ケリーアン・コンウェイ氏(55歳)は、2016年大統領選時のトランプの選挙対策本部長で、後に大統領顧問も務めた人物である。
彼女が5月24日に発刊した回想録「それで決まり」は、『ニューヨーク・タイムズ』紙が当初ベストセラー本一覧に掲載する程で、これまでに2万5千部売れている。
しかし、他のトランプ元側近等の暴露本に比べて、大した数字ではない。
『ジ・インテリジェンサー』紙(1804年創刊のペンシルベニア州地方紙)報道どおり、トランプ前大統領の姪に当たるメアリー・トランプ氏(57歳)が暴露本「過大で全く不十分(副題;世界で最も危険な男)」を2020年7月に発刊した際には、1日で95万部も売り上げた。
また、卓越したジャーナリストのボブ・ウッドワード氏(79歳、『ワシントン・ポスト』紙名誉編集委員、ウォーター事件報道でピューリッツァー賞受賞)が2020年に著した『憤怒』は、発売1週間で60万部を突破している。
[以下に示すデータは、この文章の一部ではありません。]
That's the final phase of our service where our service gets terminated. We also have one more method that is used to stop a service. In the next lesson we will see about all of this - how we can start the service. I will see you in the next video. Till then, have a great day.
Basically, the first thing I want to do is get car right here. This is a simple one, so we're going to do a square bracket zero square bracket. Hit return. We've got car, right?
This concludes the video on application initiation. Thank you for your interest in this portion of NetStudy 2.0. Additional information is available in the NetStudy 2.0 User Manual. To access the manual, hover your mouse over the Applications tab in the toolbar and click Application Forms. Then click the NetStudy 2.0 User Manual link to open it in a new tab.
しかし、コンウェイ氏の著書には、2016年大統領選時にトランプが投票数週間前に撤退を考えたとの逸話が掲載されていることから、トランプ自身から猛烈に非難された。
彼女は、発刊前の抜粋の中で、悪名高い「アクセス・ハリウッド・テープ」(注後記)報道がなされた際、選挙から撤退しようとしたトランプを説得したと言及していた。
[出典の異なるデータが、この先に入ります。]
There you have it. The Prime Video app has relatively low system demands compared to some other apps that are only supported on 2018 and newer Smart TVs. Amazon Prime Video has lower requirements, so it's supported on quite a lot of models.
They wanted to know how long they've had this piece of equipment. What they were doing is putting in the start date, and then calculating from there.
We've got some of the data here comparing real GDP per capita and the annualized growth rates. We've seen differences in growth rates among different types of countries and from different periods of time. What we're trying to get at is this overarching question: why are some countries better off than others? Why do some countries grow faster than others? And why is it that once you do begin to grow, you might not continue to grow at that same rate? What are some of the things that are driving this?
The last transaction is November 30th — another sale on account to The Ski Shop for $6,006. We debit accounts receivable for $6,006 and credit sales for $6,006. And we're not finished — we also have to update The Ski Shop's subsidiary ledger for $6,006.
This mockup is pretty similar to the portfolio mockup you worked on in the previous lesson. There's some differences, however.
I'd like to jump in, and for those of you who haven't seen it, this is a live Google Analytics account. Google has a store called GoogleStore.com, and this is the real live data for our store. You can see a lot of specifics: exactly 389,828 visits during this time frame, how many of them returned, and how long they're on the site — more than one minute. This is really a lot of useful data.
これに対して、トランプの報道官リズ・ハリントン氏が『デイリィ・ビースト』オンラインニュース(2008年設立のリベラル系メディア)のインタビューに答えて、“コンウェイの回想録は「全くのでたらめ」”とコメントした。
また、トランプ自身も5月24日、彼が立ち上げたソーシャルメディア・プラットフォーム『トゥルース・ソーシャル』(2021年設立)に、“コンウェイは、自分が選挙に負けると思った等一切発言したことはなかった”とした上で、“もしそうだったとしたら、とっくに彼女を馘首していた”と投稿した。
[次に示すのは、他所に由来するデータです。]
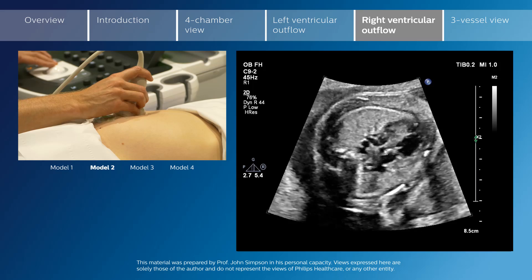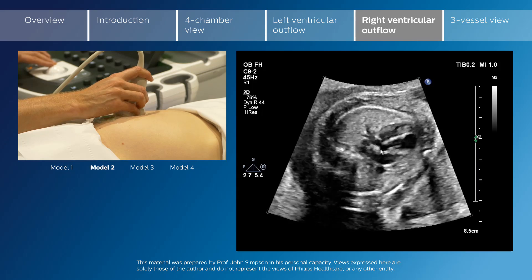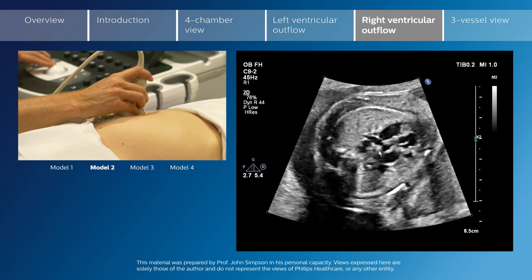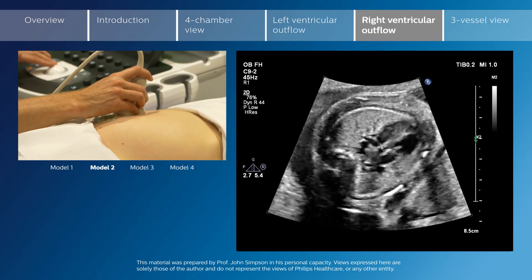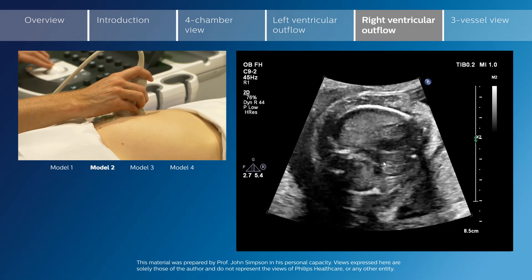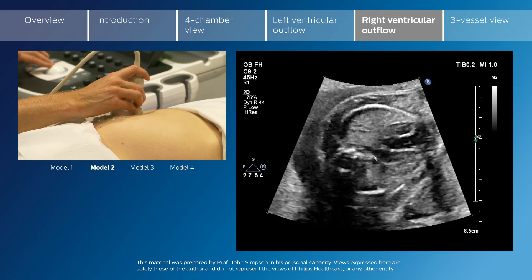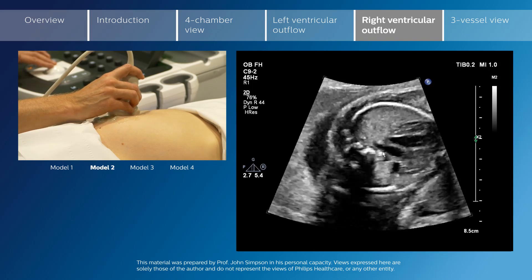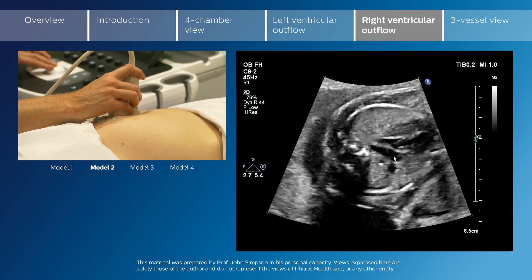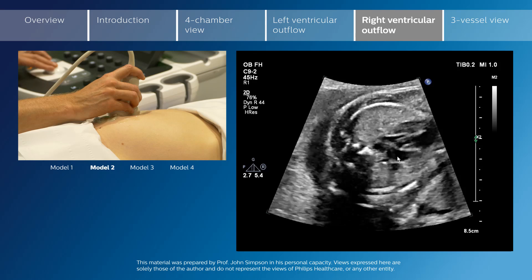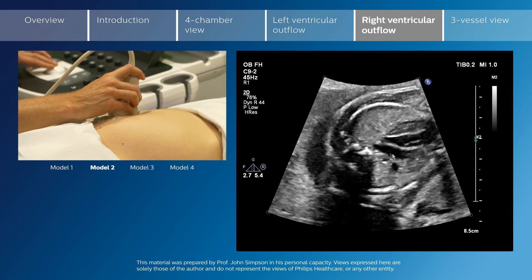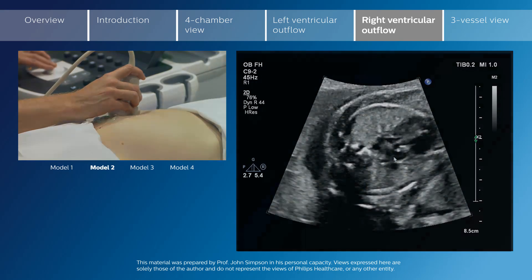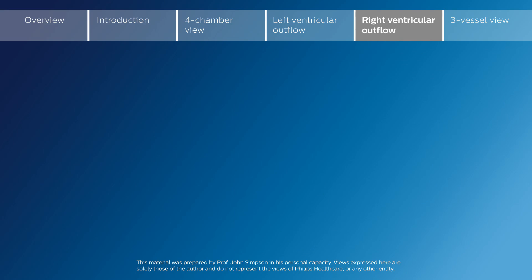The pulmonary artery is a bifurcating structure, in contrast to the aorta which gives rise to the transverse aortic arch and does not bifurcate in the same way.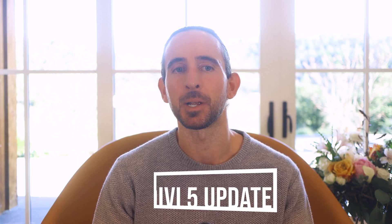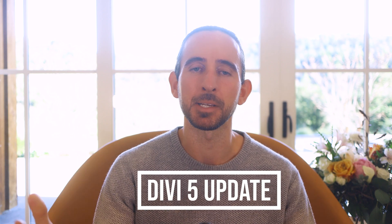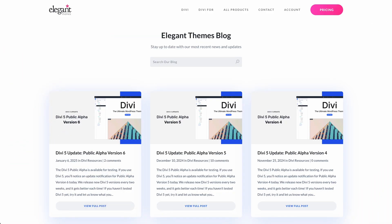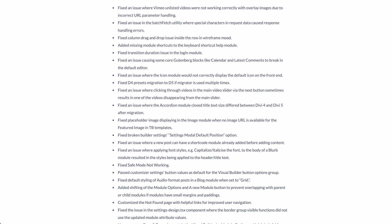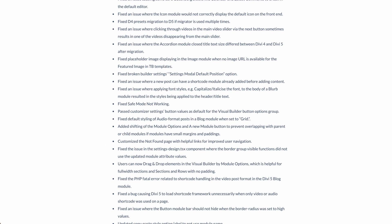We made significant progress over the past month and a half, releasing three updates to Divi 5, fixing over 200 bugs, and stabilizing the public alpha. New bug reports have slowed to a trickle and this would be a good time to consider using Divi 5 to build new websites if you enjoy the experience. There are still bugs here and there but we're fixing them faster than they're being reported, and overall the experience feels great.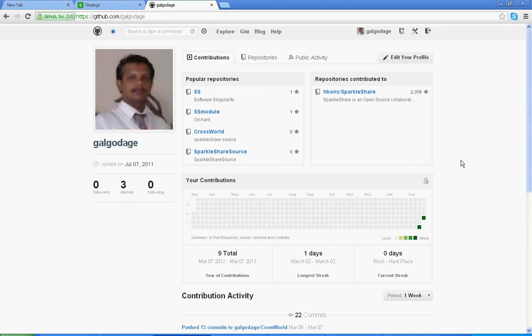Now I'm going to explain how you can add a hosted project to Sparkluxia. Here is my Splash I have installed.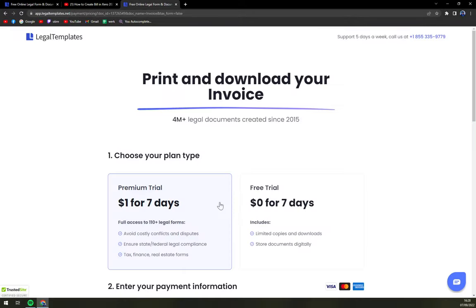If you're up to creating more legal forms, I recommend going with the one dollar premium trial for seven days.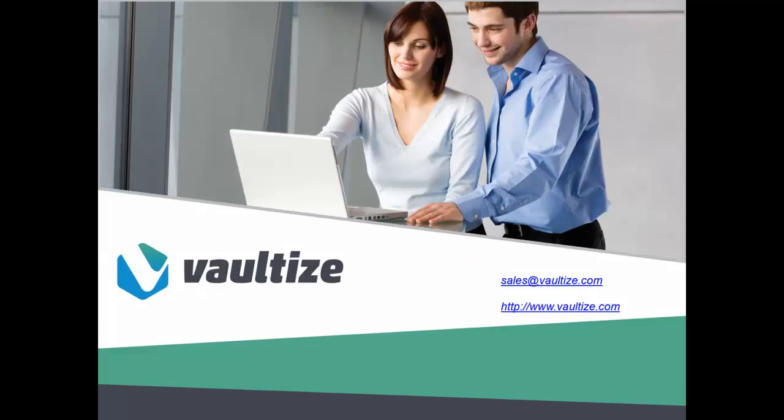We hope that you have found this session in the Vaultize Education Series to be informative and educational. Please visit our website at Vaultize.com for more videos in the series educating you on the Vaultize platform. If you have any questions or comments about Vaultize, please send an email to sales at Vaultize.com. Thank you.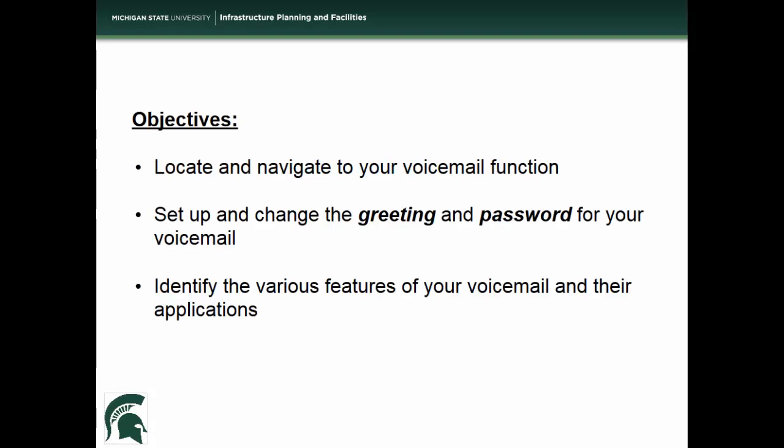By the end of this video, you will be able to locate and navigate to your voicemail function, set up and change the greeting and password for your voicemail, and identify the various features of your voicemail and their applications.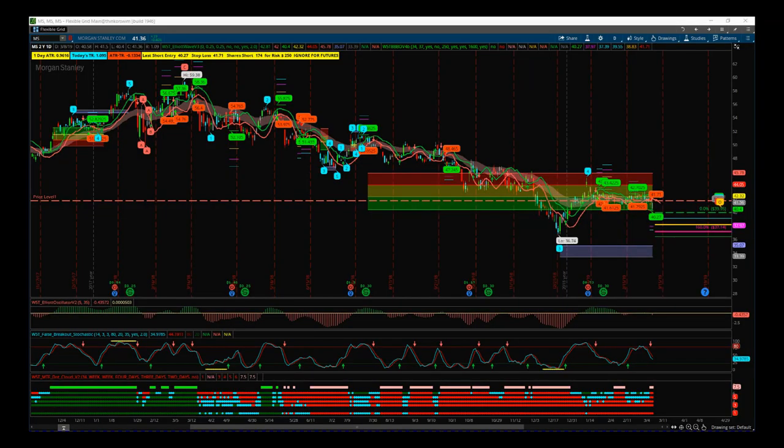Hi, this is Paul from www.tradethe5th.com and this is my stock swing trading analysis and alert video for Monday the 11th of March. I'm looking at Morgan Stanley today using our Elliott Wave indicator suite and our Black Box Breakout indicator combined for the Thinkorswim trading platform to put this analysis together for a potential short trade on Morgan Stanley on the daily time frame. Both indicator suites are also available for NinjaTrader and TradeStation, but I'm using the Thinkorswim version today.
更にトランプは、“彼女のクレイジーな夫と同様、ばかげている”として非難した。
コンウェイ氏の夫はジョージ・コンウェイ三世氏(58歳、弁護士・保守系政治活動家)で、トランプ再選阻止運動「リンカーン・プロジェクト」の共同創設者となっている。
なお、コンウェイ氏の回想録は、トランプの元側近クリス・クリスティ氏(59歳、元ニュージャージー州知事)の著作物(発刊1週間で3千部以下)や、メーガン・マケイン氏(37歳、作家・政治評論家、故ジョン・マケイン上院議員の長女)の著書「不快な共和党員」(発刊数日で僅か244部)より遥かに売れてはいる。
(注)アクセス・ハリウッド・テープ:米国大統領選挙の1ヵ月前の2016年10月、『ワシントン・ポスト』紙が報道した、当時の大統領候補ドナルド・トランプとテレビ司会者のビリー・ブッシュが2005年に「女性に関する非常にみだらな会話」をしたことについての証拠ビデオに関わる記事。